2 entry daha
  • göçmen olduğu yabancı ülkede tutunmaya, yalnızlığını yenmeye, çalışan lorna'nın duygularını sinema sahnesinden tüm gerçekliğiyle anlatmaya çalışan ödüllü avrupa yapımı film.

    sessiz gibi görünen ama genelde konuşmaması gereken yerlerde çok konuşan lorna, sıfırdan yeni bir hayat kurmak için belçika'ya yerleşmiş bir arnavut. burada sürekli farklı erkeklere güvenerek hayatını sürdürmeye çalışıyor ama genelde dilini tutamamasının da etkisiyle kazıklar yiyerek aradığı huzuru bir türlü bulamıyor ve kendisinin gerçek anlamda tek güveneceği kişi ise bir uyuşturucu bağımlısı olan claudy oluyor. ama claudy de bir gün kendinden uzaklaştırılıyor. lorna film boyunca mutluluk anlamında sürekli geriye doğru hızla giden lineer bir grafik çiziyor.

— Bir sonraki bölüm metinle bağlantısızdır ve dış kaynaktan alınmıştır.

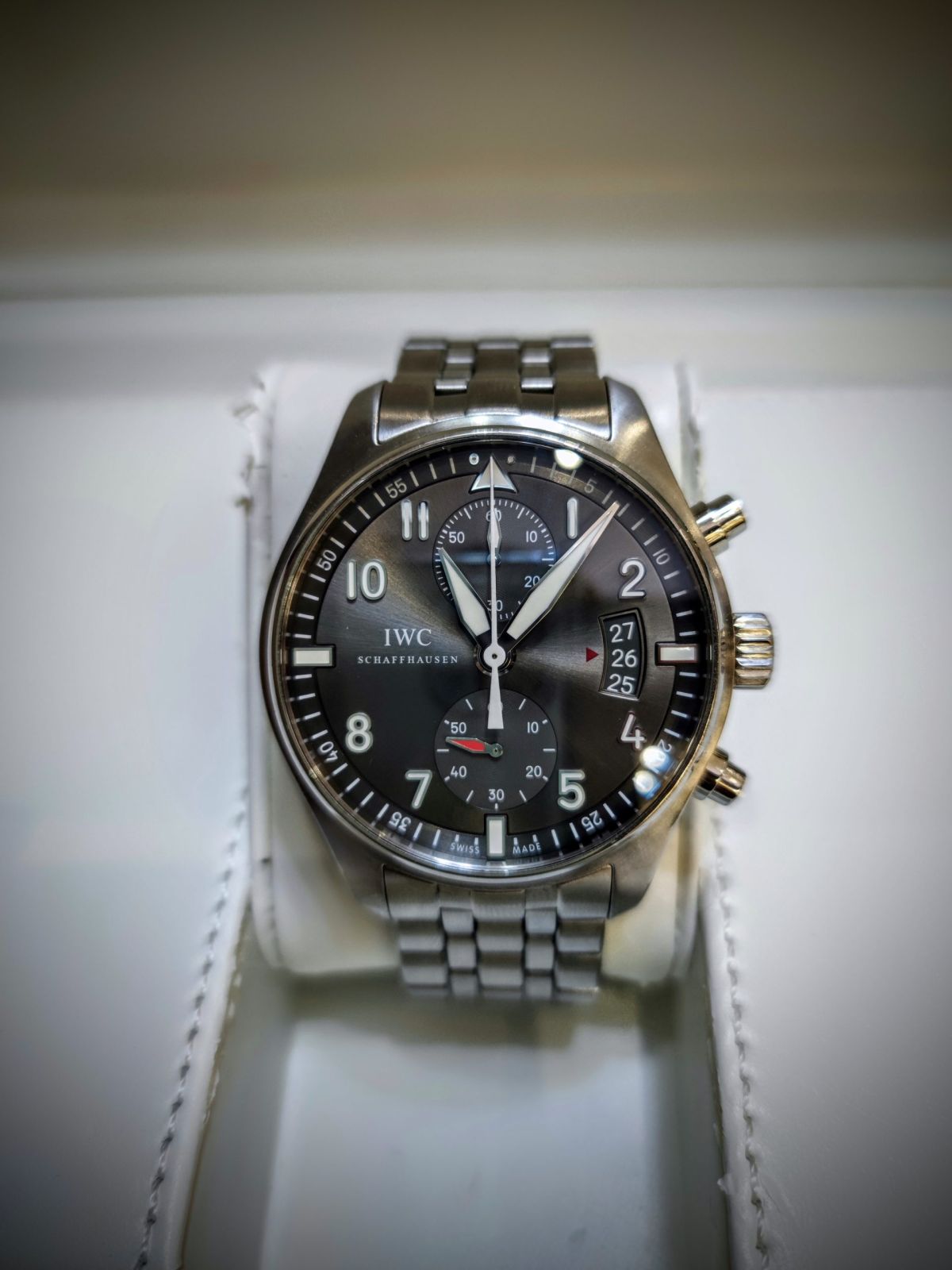 Pilot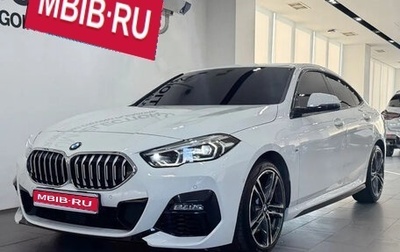 BMW 2 серия F44, 2021 год, 2 460 000 рублей, 1 фотография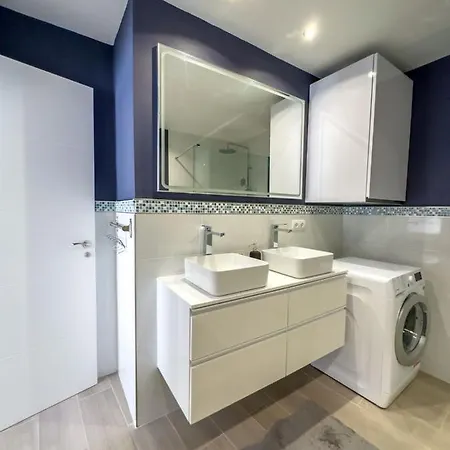 Apartman Secret View Elviria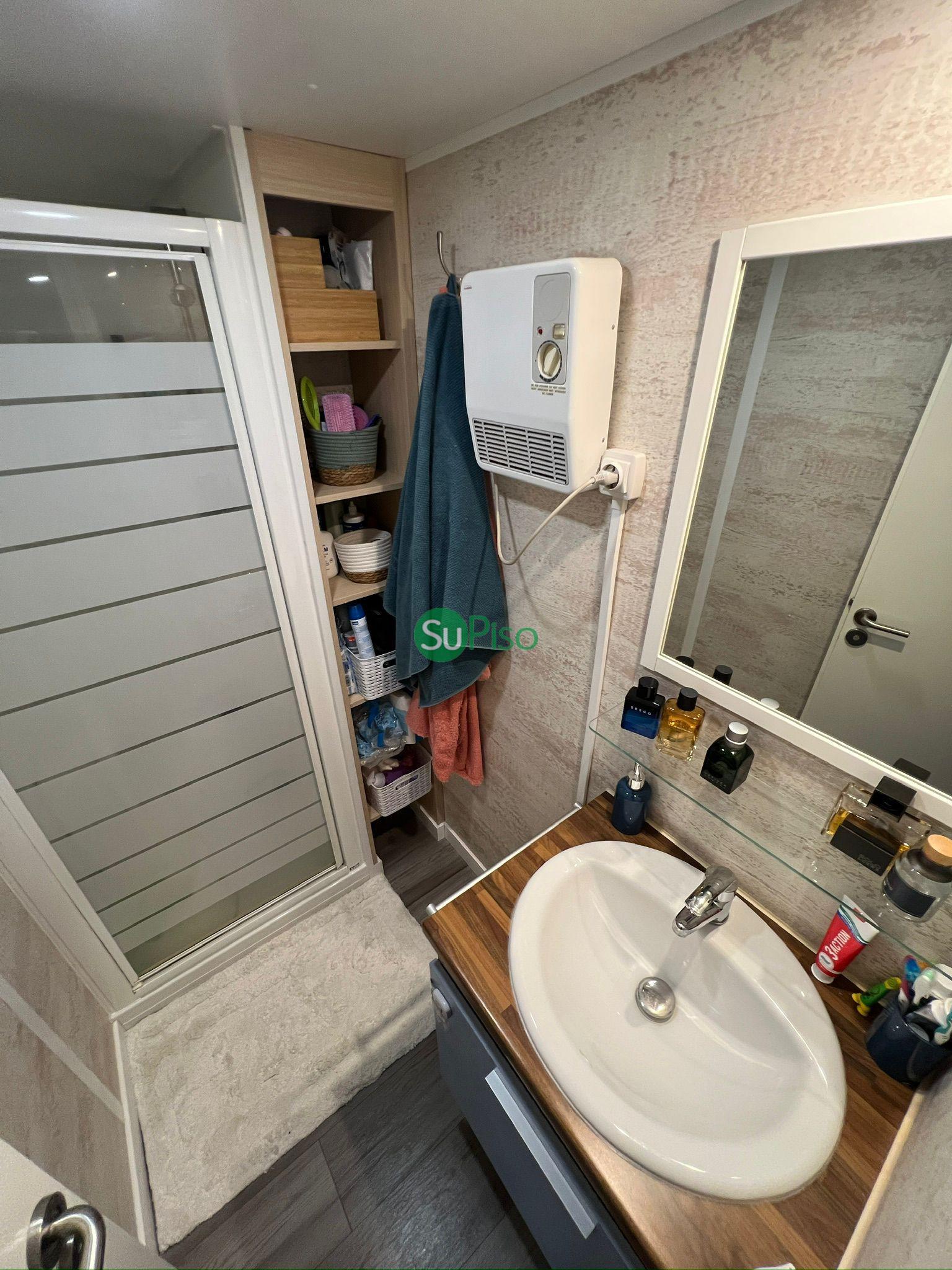 For sale of rural property in Palomeque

    metnin ön planda olduğu, sürekli yakın çekim kamera görüntülerin verildiği filmde keş rolündeki jérémie renier imrenilesi bir oyunculuk sergiliyor. filmde değil normal hayatta olsa bu kadar gerçekçi bir uyuşturucu bağımlısı olmazdı sanırım. gerçekçiliğin acı yüzünü filmin genelinden bireye taşımış. ortaya bu tarzda farklı bir film çıkmasında önemli etken olmuş.

    filmin en önemli eksikliği ise detaycılıktan çok uzak olması. lorna'nın ruhsal geçişlerine dair pek bir şey göremiyoruz. sevmediği bir insana bir sahne arayla aşık oluyor. bununla ilgili herhangi bir ipucuna sahip değiliz.. varsayımlar yapılabilir ancak. aklı başında normal bir bireyken, birden ruhsal çöküntü içine girdiğiyle karşılaşıyoruz. burdaki duygusal süreç hangi adımlardan geçerek oraya geldi bilemiyoruz.

    belki de türk eğitim sisteminin giriş-gelişme-sonuç odaklı beyinlerinden birine sahip olduğumdan, fransız filmlerinin genelinde olduğu gibi bu filmde de son göremedim. senaryonun ilk baştan çok farklı bir yere gittiği anda, film şimdi değişecek diyordum ki film o sırada sona erdi. en iyi senaryo seçilmiş filmden daha akılda kalıcı bir son bekliyor izleyici.